Exercise: Output exactly, and only, the lines below from the one with "Actions of Gunman, Instacart" down to the one with "AlienPox Cyphastrea". Include both end lines and no pictures.

Information supplied:
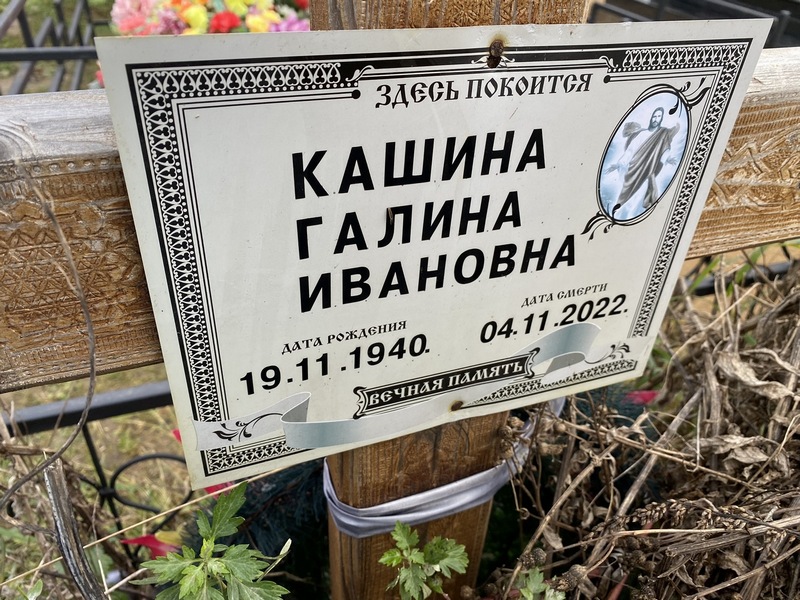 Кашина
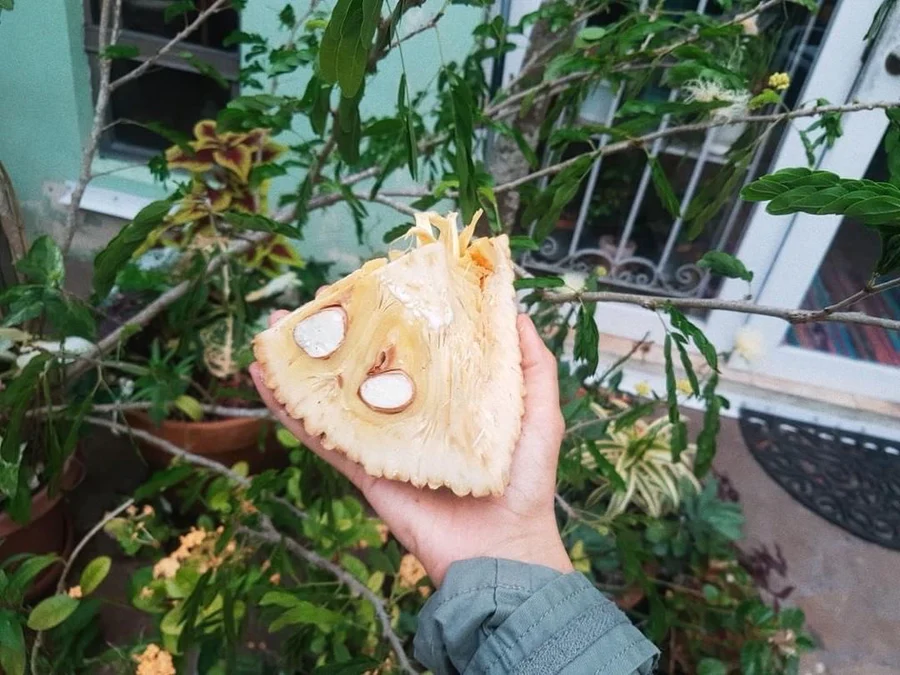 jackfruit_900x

--

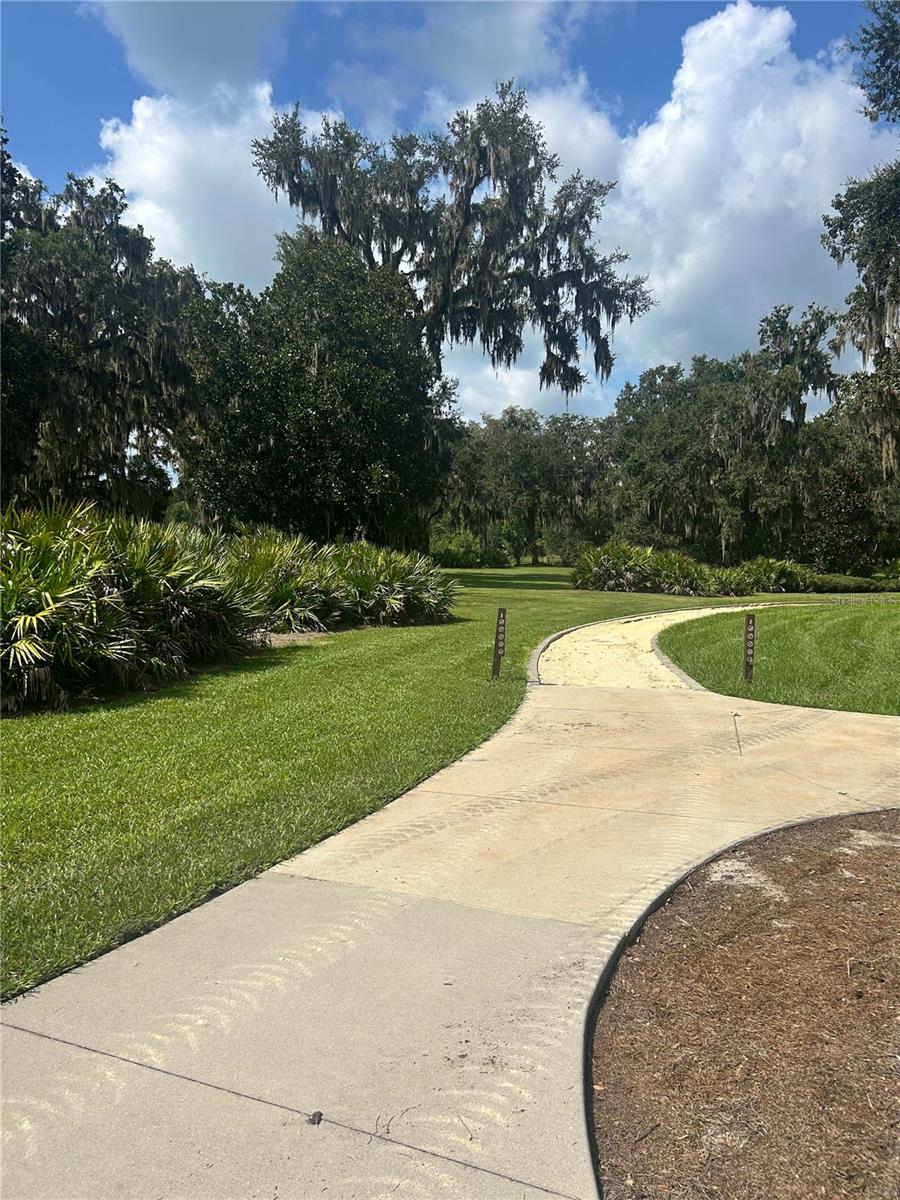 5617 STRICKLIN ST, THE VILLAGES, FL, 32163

--

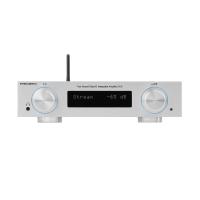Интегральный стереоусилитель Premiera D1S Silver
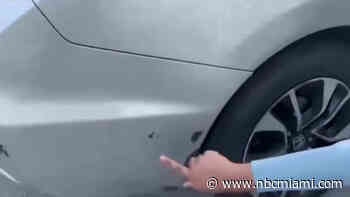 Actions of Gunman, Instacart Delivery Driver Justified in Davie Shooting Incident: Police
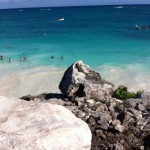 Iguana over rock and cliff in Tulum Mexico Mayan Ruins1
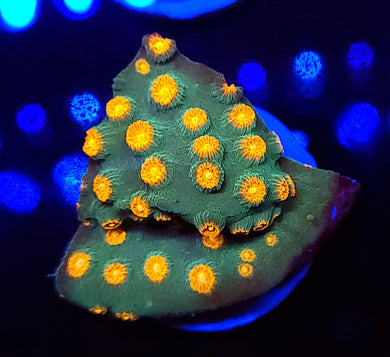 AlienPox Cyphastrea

Exercise answer:
 Actions of Gunman, Instacart Delivery Driver Justified in Davie Shooting Incident: Police
 Iguana over rock and cliff in Tulum Mexico Mayan Ruins1
 AlienPox Cyphastrea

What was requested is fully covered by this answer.